We’ve been hearing a lot of people, both commentators and people in line or just lining the route where the motorcade passed on Thursday, speak of the end of an era — that Ted Kennedy’s death signals a farewell to Camelot. Do you think that’s so?
Well, I do think it’s the end of the story that really captivated so many people’s minds and hearts, starting with Jack Kennedy and Jackie, the death of Jack; Bobby taking over, the death of Bobby; the whole ’60s; and then Teddy becoming the mantle for the Kennedy family.
That original family, that story is drawing to a close. Surely there are enough young people in the next generation and the generation after that who are going to be involved in public life in one way or another, and one or more of them may rise to, perhaps, public office, Senates, maybe even some day a presidency.
It’s still going to be their own story, though.

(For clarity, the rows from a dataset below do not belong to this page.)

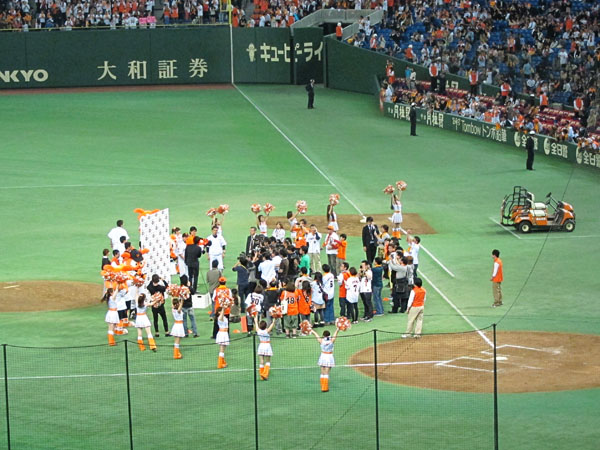 18_tokyo_dome_post_game_interviews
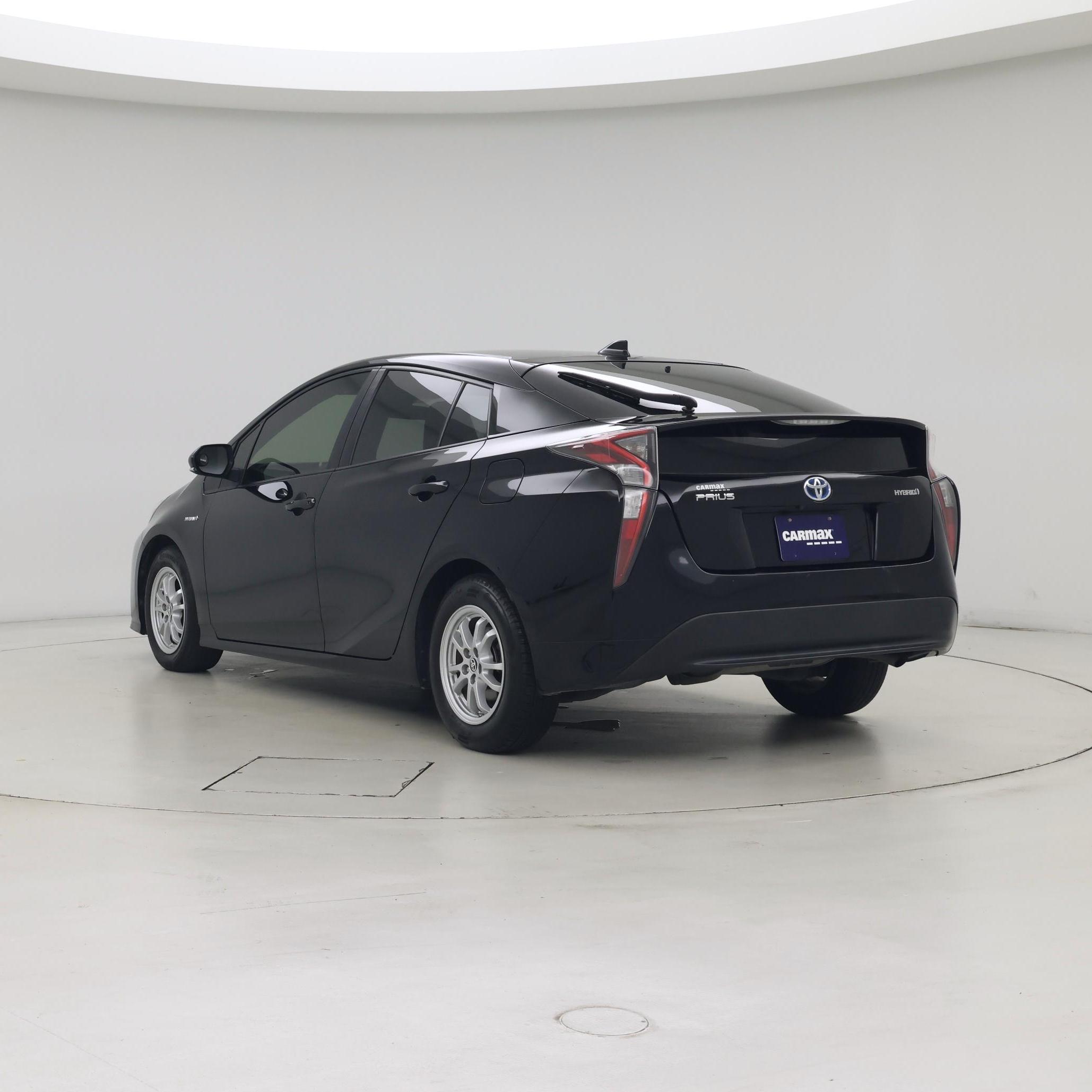 Thumbnail: 2017 Toyota Prius - 2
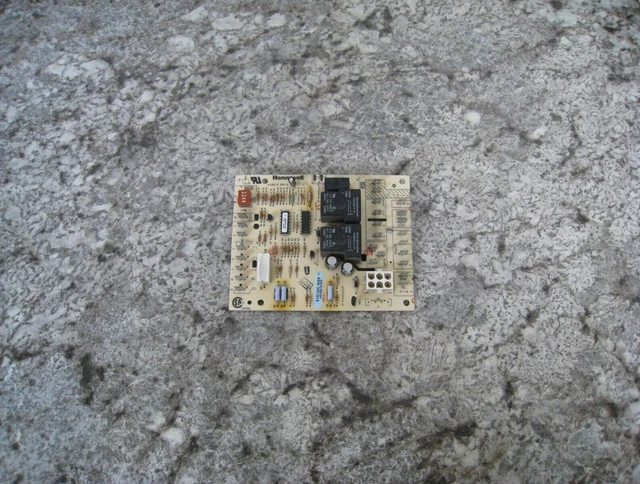 ICP Honeywell ST9120C5005 HQ1084197HW 1084197 Furnace Control Circuit Board
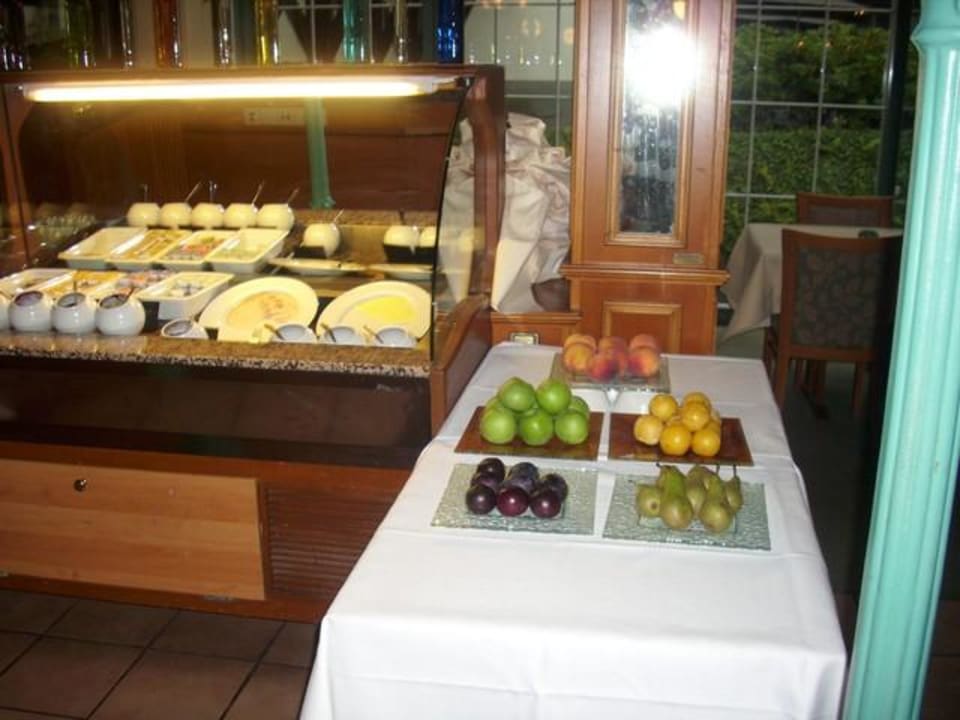 Obst vom Buffet Hotel Zugbrücke Grenzau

It’s a different story from the original Kennedy story.
Kennedy’s son, Patrick, the Rhode Island congressman, is the only Kennedy now holding public office. Many of the younger Kennedys are, as you observed, very active in social causes. What’s the family’s path from this point?
Well, you know, it’s interesting what you say, because I remember some years ago seeing a cartoon where they said when you got to call the role call in the Congress and you got to the Ks, they’d be just saying, “Kennedy, Kennedy, Kennedy, Kennedy, Kennedy.”
And it didn’t happen that way. As we were just saying, a lot of those younger generation people went into serve in other ways — as environmental lawyers, as documentary filmmakers, in philanthropy, in non-profit organizations.
But my guess is the family DNA has been so much in public life, they’ve been around elections — I mean Joe Kennedy here in Massachusetts has the charisma, has the talent, has the possibilities, I think, of becoming one of the contenders, perhaps, for the Senate up here. There is Patrick, as you say, who’s already in the Congress. There’s Chris out in Illinois.
They will be heard from. It still will be, however, their own story, as opposed to this story that we’ve all been a part of, which I think is now having its final chapter.
Historian Doris Kearns Goodwin, thank you very much, we appreciate your time.
I’m very glad to be with you. You take care.